- Born: 1859 Albany, New York, US
- Died: 1923 (aged 63–64) New York City, US
- Education: Boston University University of London
- Occupation: educator
- Children: 4

= Clara B. Spence =

Educator, women's and civil rights advocate, adoption pioneer

Clara B. Spence (1859–1923) was an American educator, women's and civil rights advocate, adoption pioneer and civic leader.

==Background and career ==
Born in Albany, New York, in 1859 Spence came from a middle-class family. She got a good education and a degree from Boston University in Oratory 1879. She studied Shakespeare in London University and came back to New York City to work as an actor in the Madison Square Theatre. However, when her mother died in 1883, Spence changed her focus from acting to education.

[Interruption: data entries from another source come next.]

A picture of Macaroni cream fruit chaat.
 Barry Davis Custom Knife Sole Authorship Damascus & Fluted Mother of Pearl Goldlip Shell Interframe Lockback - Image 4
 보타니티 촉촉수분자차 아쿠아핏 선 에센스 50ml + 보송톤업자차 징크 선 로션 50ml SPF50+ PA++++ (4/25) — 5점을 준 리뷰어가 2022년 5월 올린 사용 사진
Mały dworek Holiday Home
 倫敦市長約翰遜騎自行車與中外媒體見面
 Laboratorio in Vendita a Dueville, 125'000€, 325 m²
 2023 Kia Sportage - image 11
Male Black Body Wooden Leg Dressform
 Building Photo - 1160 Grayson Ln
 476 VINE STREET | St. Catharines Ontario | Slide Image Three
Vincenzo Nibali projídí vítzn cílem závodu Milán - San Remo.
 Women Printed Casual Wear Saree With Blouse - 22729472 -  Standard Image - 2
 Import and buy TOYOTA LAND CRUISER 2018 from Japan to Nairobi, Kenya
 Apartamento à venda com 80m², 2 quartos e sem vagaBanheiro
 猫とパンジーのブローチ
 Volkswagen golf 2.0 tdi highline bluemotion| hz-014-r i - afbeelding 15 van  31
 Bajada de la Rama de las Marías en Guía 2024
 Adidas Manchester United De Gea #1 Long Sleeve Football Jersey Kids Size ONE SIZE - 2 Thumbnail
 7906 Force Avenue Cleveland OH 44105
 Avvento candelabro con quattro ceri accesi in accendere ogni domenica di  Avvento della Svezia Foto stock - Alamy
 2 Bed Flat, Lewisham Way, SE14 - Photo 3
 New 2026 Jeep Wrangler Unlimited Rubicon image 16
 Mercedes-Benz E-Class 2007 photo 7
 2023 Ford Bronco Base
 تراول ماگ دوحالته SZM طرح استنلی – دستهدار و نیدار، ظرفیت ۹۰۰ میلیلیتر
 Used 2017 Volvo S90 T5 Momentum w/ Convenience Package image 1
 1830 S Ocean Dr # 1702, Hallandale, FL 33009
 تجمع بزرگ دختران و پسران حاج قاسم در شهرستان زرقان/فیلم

She founded the Spence School for girls in East 91st Street in New York City, where she served as Headmistress for 31 years. In 1892 this included a nursery for abandoned babies. She became known as an innovative educator and was on many boards in the city including the American Museum of Natural History, Barnard College, the Oratorio Society and the Metropolitan Museum of Art. One of the teachers she hired for the school was Isadora Duncan. Edith Wharton gave lectures as did Helen Keller, with Anne Sullivan. One of the Alumni, Ruth Draper, was a close friend and returned to give talks at the school. Other speakers included Booker T. Washington and Aldous Huxley.

==Personal life==
As an educated woman of her day it was not entirely uncommon for her not to marry. In the last two decades of the 19th century 50% of college educated women in the United States did not marry. In fact she found a like-minded woman with whom she shared the rest of her life. Together they adopted children, making them one of the first same sex adoption families. Her partner was Charlotte S. Baker and together they ran the school that Spence founded in 1892, The Spence School. In winter they lived with their children in an apartment at the school and in summer they moved to The Willows in Maine. The children were adopted through an adoption agency that Spence founded from the nursery that started the school, now called Spence-Chapin Services to Families and Children. She pioneered the idea of bringing children from other countries, in this case Great Britain, to the United States for adoption. Her own children were adopted in 1909, 1911, 1914 and 1915. Each of the two women adopted 2 children, a boy and a girl each. This personal investment in adoption paved the way for the modern idea of the children being part of the family and not cheap labour to be used. The women were supporters of the suffrage movement. Spence marched with Harriot Stanton Blatch in the Fifth Avenue march for equality in 1913.

Spence died in the summer of 1923. Her funeral was on 22 November 1923.